## Work instruction
Set down all of the data exactly. Pictures stay out of the copy.

## Input data
Segment Open

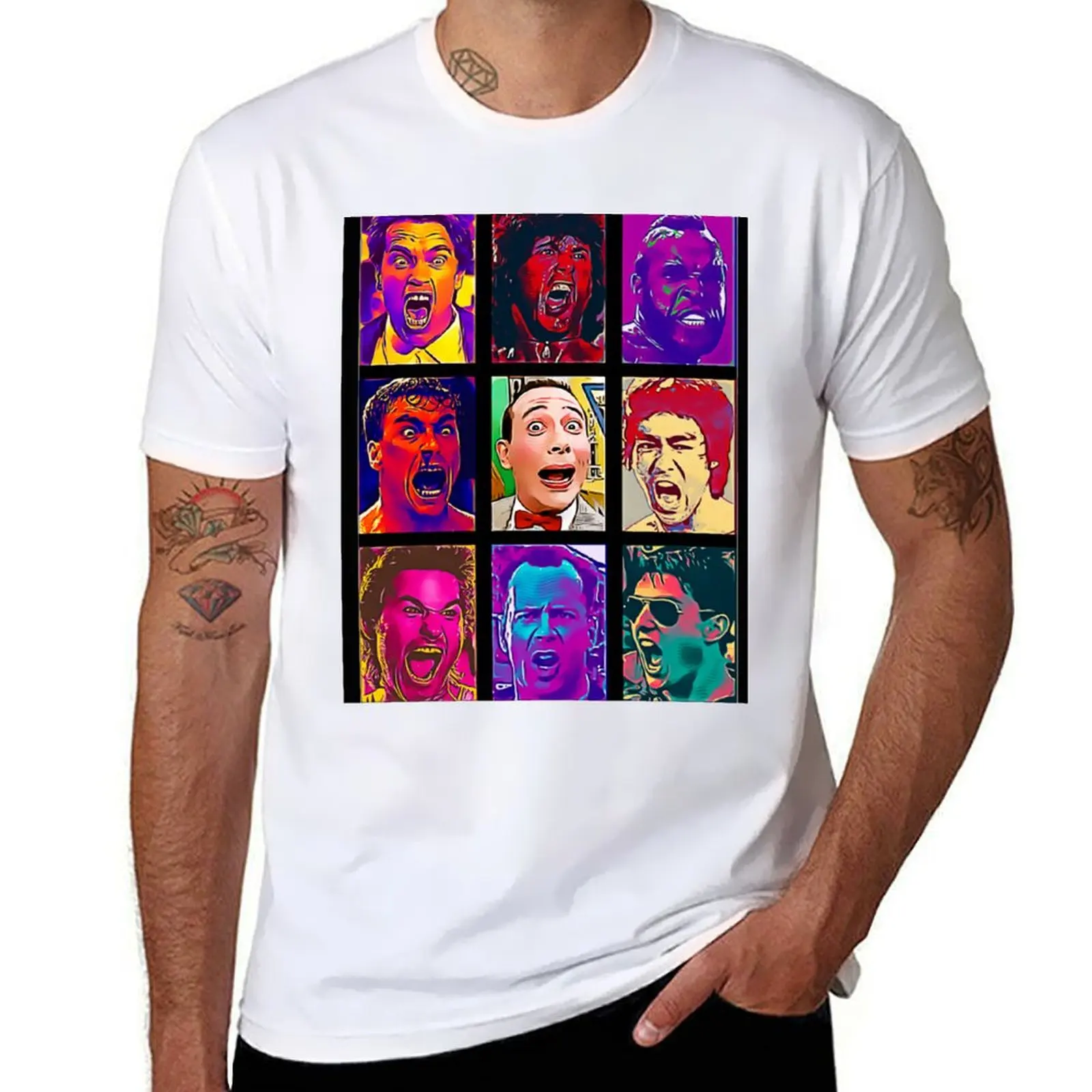 

Pee-wees-playhouse, 80s, jambi, peewee, pee wee herman, pee wees big adventure T-Shirt anime t shirts for man T-Shirt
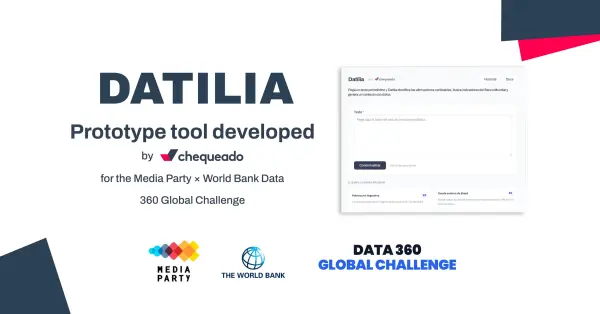 Datilia convierte una frase que circula en un gráfico que la explica (y encima se ganó un premio)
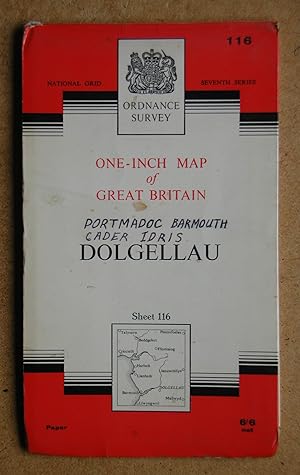 Ordnance Survey Map. Dolgellau. Seventh Series. Sheet 116.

Segment Closed

## Solution for this problem
Pee-wees-playhouse, 80s, jambi, peewee, pee wee herman, pee wees big adventure T-Shirt anime t shirts for man T-Shirt
 Datilia convierte una frase que circula en un gráfico que la explica (y encima se ganó un premio)
 Ordnance Survey Map. Dolgellau. Seventh Series. Sheet 116.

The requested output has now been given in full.